Theatre Review - Eureka Day

SET in a progressive, private elementary school in California, Jonathan Spector’s play takes a satirical swipe at liberal American attitudes.

The parents on Eureka Day’s Executive Committee don’t make any decisions unless there is a consensus. But when in 2017 a mumps outbreak closes the school and the county health department advocate vaccinations, an argument breaks out between white anti-vaxxer Suzanne (Helen Hunt) and black newcomer, Carina (Susan Kelechi Watson).

They both have their reasons and the conflict is hard to reconcile. Don (Mark McKinney) the hippy headteacher who likes to read Rumi at the close of each meeting, proves increasingly ineffective and soon finds himself out of his depth.

When the committee call an emergency meeting via video conference, they become so embroiled in their own debates that they are unaware of the other parents’ online comments. Polite rejoinders are followed by heavy sarcasm; passive aggression turns to open hostility.

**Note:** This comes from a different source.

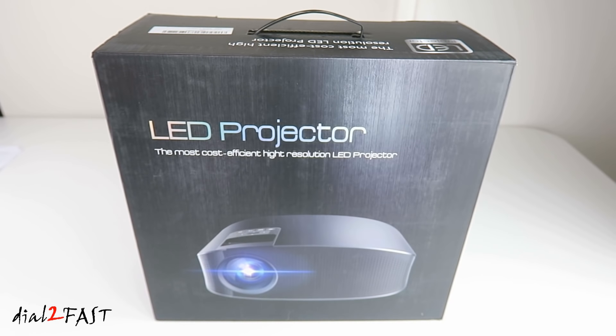Hello viewers, this is Dao2Fast here. In today's video I will show you this very affordable LED projector. This one I have here is from the company Arpenken and the model number is YG600.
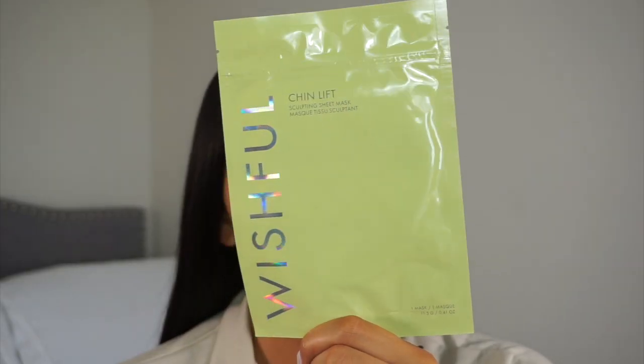Hey guys, welcome back to my channel. If you guys are new, my name is Amber — welcome! So today's video I'm creating a makeup look as well as trying out the new Wishful chin lift sculpting sheet mask. I look a little crazy when doing my eye makeup but I definitely wanted to try it out and showcase it to you guys and give you my thoughts and first impressions.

These are projected onto the back wall for our enjoyment in a hilarious scene which had the audience rocking with laughter.

It’s hard to believe that Eureka Day was written before the pandemic. Spector captures many of the conundrums we’ve recently faced around the Covid vaccinations, including misinformation and distrust of the scientists, and his observations are spot-on.

In the second act the two women fight it out. Suzanne is smugly confident she will trump Carina who she wrongly assumes is on financial aid.

The stakes are high. Whoever loses will have to withdraw their child from the school.

Rob Howell’s playful set hit the mark (keep an eye on the school bookcase), the performances are top-notch and Katy Rudd directs with a light touch.